_YOUR ASSIGNMENT_: Return all the data below as it stands, minus the pictures.

------ GIVEN INFORMATION

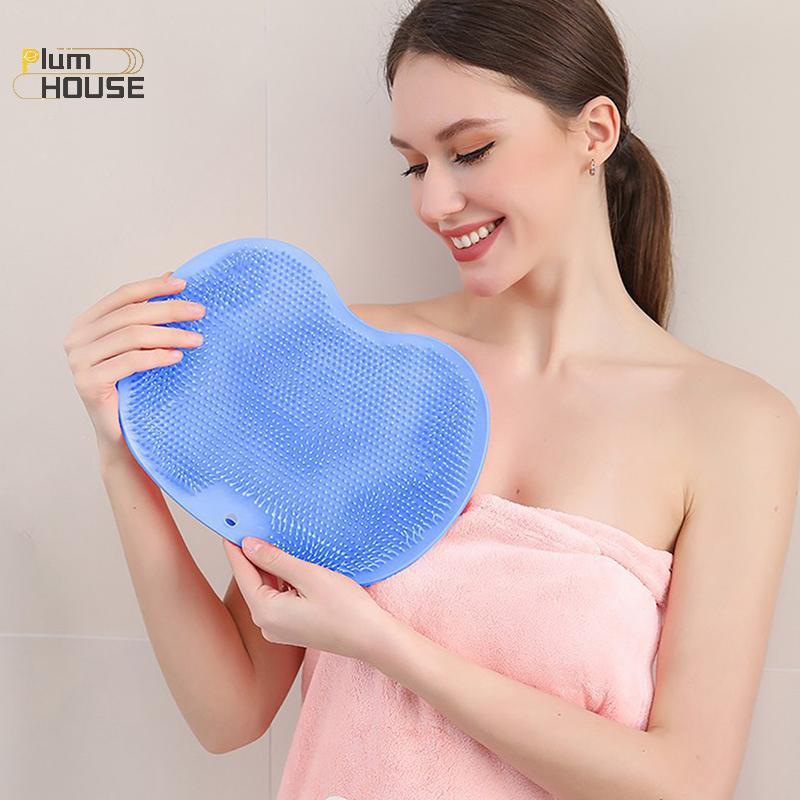 PlumHOUSE Massage Thảm Lưng Cạp Bàn Chải Làm Sạch Tắm Chân Bụi Rửa Thảm Hút Tường Thảm Chà Chân Tay Tắm Toàn Thân VN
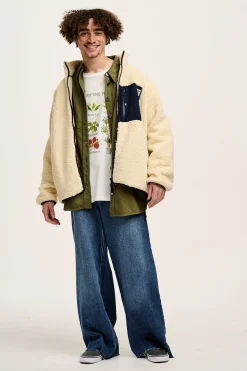 Lucy & Yak Harper - Borg Fleece Jacket in Cream Best
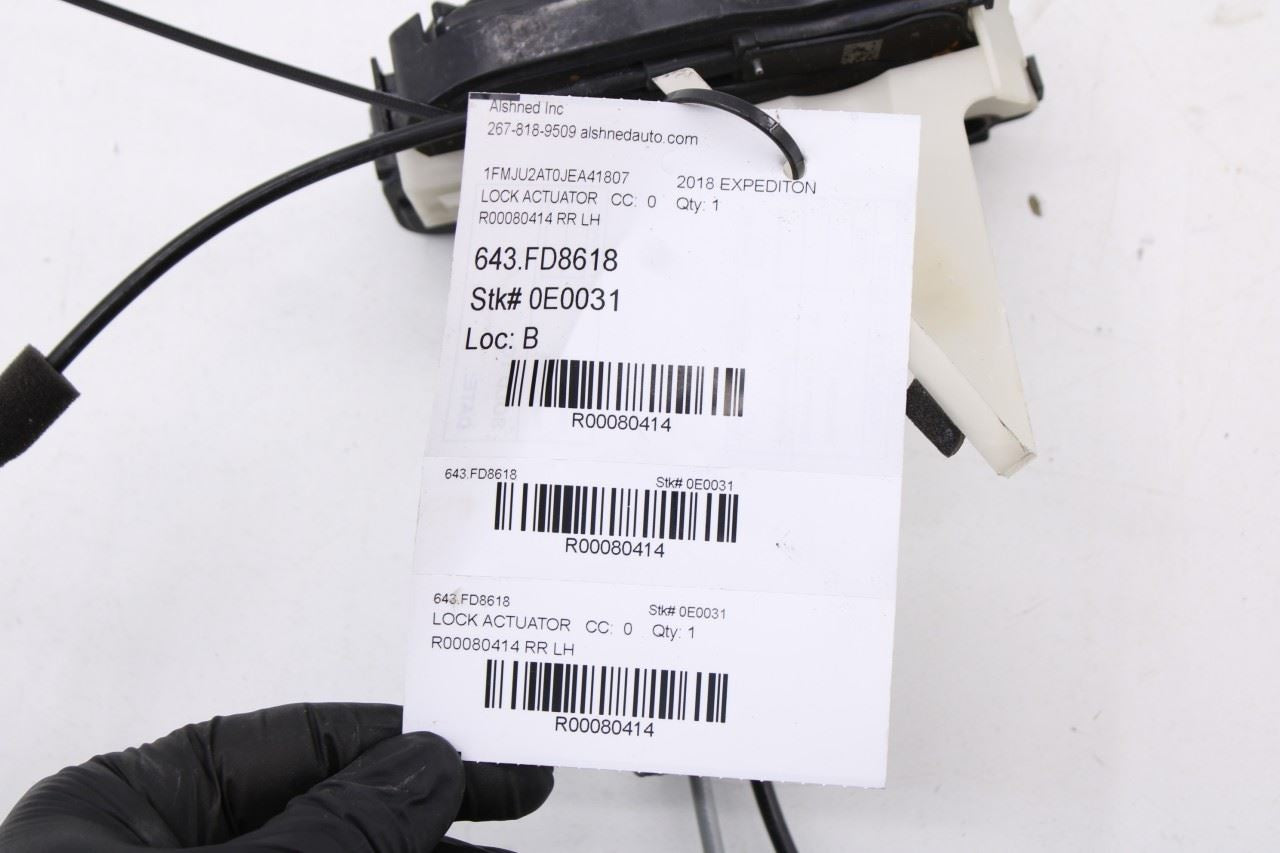2018-2024 Ford Expedition Limited Rear Left Driver Side Door Lock Latch Actuator - Alshned Auto Parts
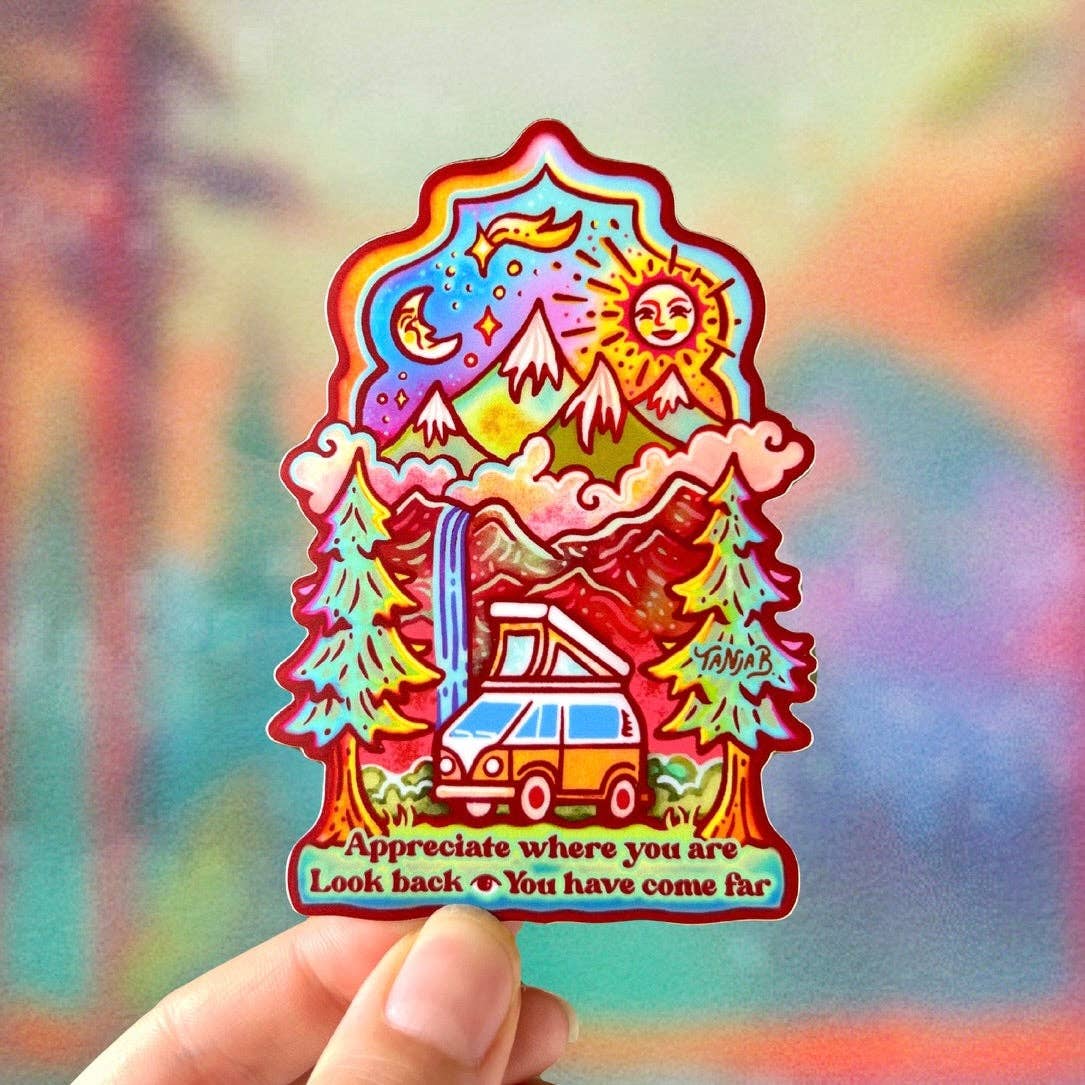 Appreciate Where You Are - Large Sticker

------------

_SOLUTION TO THIS EXERCISE_:
 PlumHOUSE Massage Thảm Lưng Cạp Bàn Chải Làm Sạch Tắm Chân Bụi Rửa Thảm Hút Tường Thảm Chà Chân Tay Tắm Toàn Thân VN
 Lucy & Yak Harper - Borg Fleece Jacket in Cream Best
2018-2024 Ford Expedition Limited Rear Left Driver Side Door Lock Latch Actuator - Alshned Auto Parts
 Appreciate Where You Are - Large Sticker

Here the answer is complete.